Warner Bros. Home Entertainment announced Wednesday morning that it is buying the social movie discovery and review sites Flixster and Rotten Tomatoes for an undisclosed amount.
The studio will keep Flixster as an independent entity, but it plans to extend the service beyond mere discovery: The news release states that Flixster will “enable digital content ownership and delivery across any connected digital device.”
Flixster could soon became the consumer face of Warner’s digital locker plans, dubbed “Digital Everywhere”, which the company announced last month.
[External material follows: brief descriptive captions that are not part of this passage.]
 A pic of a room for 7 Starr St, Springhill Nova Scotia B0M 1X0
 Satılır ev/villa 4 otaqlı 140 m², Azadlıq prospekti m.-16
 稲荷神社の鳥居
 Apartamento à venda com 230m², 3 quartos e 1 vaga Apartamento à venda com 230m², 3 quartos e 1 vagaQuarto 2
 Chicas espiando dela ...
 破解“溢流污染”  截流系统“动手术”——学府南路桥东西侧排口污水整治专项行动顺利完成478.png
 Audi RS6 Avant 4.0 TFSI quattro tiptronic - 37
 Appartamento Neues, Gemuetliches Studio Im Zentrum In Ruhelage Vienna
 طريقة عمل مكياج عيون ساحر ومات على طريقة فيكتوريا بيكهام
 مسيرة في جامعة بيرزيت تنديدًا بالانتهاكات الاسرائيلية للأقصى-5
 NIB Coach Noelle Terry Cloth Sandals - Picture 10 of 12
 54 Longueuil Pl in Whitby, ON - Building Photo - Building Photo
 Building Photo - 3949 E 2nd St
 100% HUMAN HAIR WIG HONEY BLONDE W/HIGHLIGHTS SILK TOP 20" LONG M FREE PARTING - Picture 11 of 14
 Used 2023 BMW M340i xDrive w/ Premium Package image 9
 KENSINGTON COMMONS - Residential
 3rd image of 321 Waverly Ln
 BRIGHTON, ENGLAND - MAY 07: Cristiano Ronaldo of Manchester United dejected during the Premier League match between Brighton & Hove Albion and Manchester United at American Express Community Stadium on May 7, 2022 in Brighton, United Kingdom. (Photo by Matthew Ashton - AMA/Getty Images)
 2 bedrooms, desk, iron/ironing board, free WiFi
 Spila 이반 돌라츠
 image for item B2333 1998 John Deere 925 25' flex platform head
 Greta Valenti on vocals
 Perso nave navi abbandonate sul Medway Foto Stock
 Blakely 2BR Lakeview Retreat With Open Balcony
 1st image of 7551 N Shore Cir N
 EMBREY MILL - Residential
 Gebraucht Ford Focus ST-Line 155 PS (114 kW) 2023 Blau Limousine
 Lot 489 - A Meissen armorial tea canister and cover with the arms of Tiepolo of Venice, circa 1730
The idea is that consumers will be able to buy content and then play it on any device, streaming from the cloud. Digital Everywhere will be based on the Digital Entertainment Content Ecosystem’s UltraViolet DRM scheme.
One of the reasons that made Flixster appealing for Warner is its success on mobile platforms. Flixster’s iOS, Android, Blackberry and Windows phone applications have been downloaded more than 35 million times. Warner undoubtedly wants to tap into that mobile user base to stream movies to connected devices.
The studio’s plans for Rotten Tomatoes seem less ambitious. The news release only states that the team of the movie review site will continue to work independently out of Los Angeles. Rotten Tomatoes was acquired by Flixster in early 2010 in a deal that gave News Corp. a minority stake in the combined company. AllThingsD reported earlier this year that Warner was in discussions to pay up to $90 million for Flixster and Rotten Tomatoes.